It’s the 40th anniversary of the 1981 FA Cup final on May 9 and ten years ago, as we looked forward to Manchester City appearing in the 2011 FA Cup final, I was asked by the Manchester Evening News to write profiles of the eleven players who started the 1981 final.
For the next few days I will post those profiles, one a day, free to read here. These will only be free to view until May 16, so please read them while you can. Thanks.
Here’s the latest (appearing here as it was written in 2011)…
As we look forward to the 2011 FA Cup final, Gary James takes a look at the eleven players who made the starting line-up for City’s last FA Cup final in 1981. Today, midfielder Steve Mackenzie
Malcolm Allison’s signing of Steve Mackenzie stunned the football world. The 17 year old signed from Crystal Palace for an incredible £250,000 in July 1979. The fee alone was huge – six months earlier the transfer record stood at £516,000 – but the fact that Mackenzie hadn’t even appeared in the League and was now the costliest teenager ever was astounding.
Inevitably, great pressure followed. Mackenzie appeared in the opening 14 League games of 1979-80 but spent more time playing reserve football. However, by the spring of 1981 Mackenzie was a permanent fixture in the side, delivering game after game. Captain Paul Power said at the time: “We look a different team when Steve is playing. He has fought his way back and proved to the boss that we can’t afford to be without him. He adds stability to our midfield.”
Mackenzie, as well as general play, contributed some significant goals such as the spectacular 25 yarder in the 4thround tie against Norwich, and the solitary goal in the February ’81 Manchester derby – “Mac The Knife” read the MEN headline.
It was Mackenzie who rolled a free kick to Power – a move they had worked on in training – that brought the only goal of the semi-final.
In the 58th minute of the final with the Blues leading 1-0, Mackenzie came close to scoring. John Bond remembered: “Reeves and Mackenzie played this magnificent 1-2. Mackenzie got behind the defence, went around the goalkeeper, went to slot the ball into the net and it hit the post and went wide. They’d have been dead and buried!”
Three minutes after Spurs had taken an 8th minute lead in the replay, Mackenzie equalised with one of the greatest cup final goals of all time. A Ranson free kick was met by a half clearance allowing Mackenzie to volley home from about 20 yards. It was a tremendous goal and the type of effort that should have won the cup. Paul Power: “I still believe Steve Mackenzie’s strike was just as impressive as Villa’s second goal. If that goal had been the match winner it’s possible that would have been voted the best goal of all time.” Bond agreed: “Steve Mackenzie’s volley was unbelievable!”
As we all know, Spurs went on to win the replay. Mackenzie played in one further City game but was sold – to raise money for the purchase of Trevor Francis – for £600,000 to West Bromwich Albion the following August.

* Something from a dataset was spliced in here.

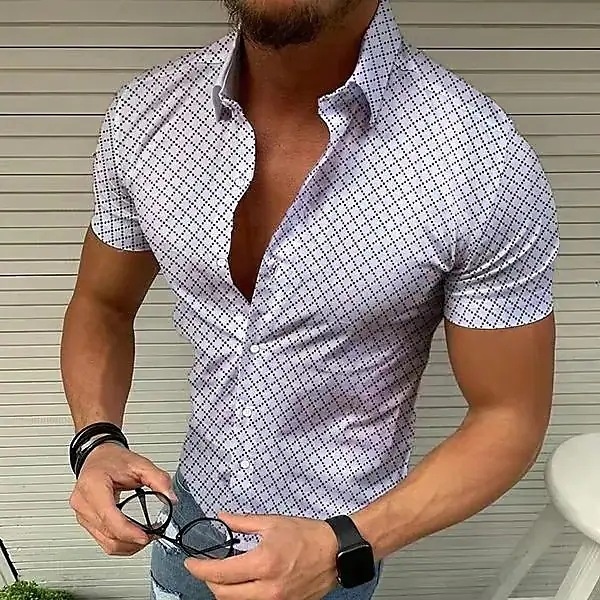 Casual Polka Dot Print Breathable Men's Short-Sleeve Shirt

Considering his age and performances during 1981 it was a disappointing departure.
Spells at Charlton and John Bond’s Shrewsbury followed. Once his playing career came to an end Mackenzie pursued his interest in computers to gain a BA Hons degree in Interactive Multimedia Communication in 1998. With a strong interest in teaching and learning Mackenzie gained further qualifications in teaching and e-learning.
He also obtained the Advanced Level FA Football Coaching award and coached at West Brom’s Academy until 2000. He also had an enjoyable two year stint in non-league management at Atherstone United.
Since 2003 he has worked full time in Higher Education at De Montfort University primarily as a designer and developer of distance learning courses.
In 2004 at the age of 42 he made one appearance – and scored – for Gresley Rovers. Today he keeps in touch with the game, reporting for the Press Association, and takes a keen informal interest in football coaching and player development.
Looking back in 2011, Mackenzie’s strongest recollections from 1981 focus on his side’s endeavours: “pride in fighting so hard to win the cup, knowing if we had to lose we could not have done much more.” The highlight remains, of course, his goal: “the exhilaration of scoring a spectacular goal to get us back in the game – I think my beaming smile said it all.”